If Vladimir Lenin had a grave, he would be turning in it.
Statues of the Bolshevik leader have fallen victim to a string of assaults in Ukraine that have left them missing limbs, splattered with paint, covered in insults and swastikas, bullet-riddled, and even smeared with excrement.
In some cases, the statues were knocked off their pedestals, a feat requiring a considerable amount of physical exertion.
At least four have already been vandalized since the beginning of the year, including one statue toppled in the city of Berdychiv and another daubed with black paint near Odesa.
Communists have pinned the blame squarely on nationalists.
Seeing red: Communist flags fly next to the same statue of Lenin in Kyiv in 2009, three years before the "Euromaidan" unrest swept it off its feet.
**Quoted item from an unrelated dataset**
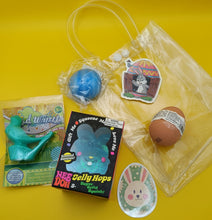 Collection of novelty items including a blue ball, egg with bandage, and packaging on a yellow background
Ukrainian lawmaker Igor Miroshnichenko, a member of the ultranationalist Svoboda party who personally felled a Lenin statue in the northeastern city of Okhtyrka last year, says this is, in fact, correct.
"Of course the dismantling of Lenin statues is directly linked to nationalists," Miroshnichenko says. "Any Ukrainian who loves his nation, remembers and respects its history, who remembers his ancestors, who loves and fights for his state, freedom, and independence, is a nationalist."
Last month, a group of masked individuals carrying a flag of the Svoboda party toppled a statue of Lenin in downtown Kyiv.
Miroshnichenko sees the rise in vandalism against Lenin monuments as a direct result of the ongoing pro-European protests against President Viktor Yanukovych's decision to shelve a landmark association pact with the European Union.
Ukrainians, he says, are increasingly frustrated by what his party describes as Moscow's aggressive attempts to bring their country back under its yoke.
Meanwhile, Ukrainian communists are playing down the incidents as isolated acts of hooliganism.
Communist lawmaker Oleksandr Prisyazhnyuk is confident that his party will raise enough funds to restore the damaged statues.
"People consider that statues of Lenin should exist," Prisyazhnyuk says. "At any rate, it's for the local community -- and not for a bunch of visiting vandals who think they can get away with everything -- to decide on the fate of monuments."
Foes of Lenin, however, still have a lot of work ridding Ukraine of his effigies.
There are currently more than 1,300 statues of the Bolshevik leader scattered across the country.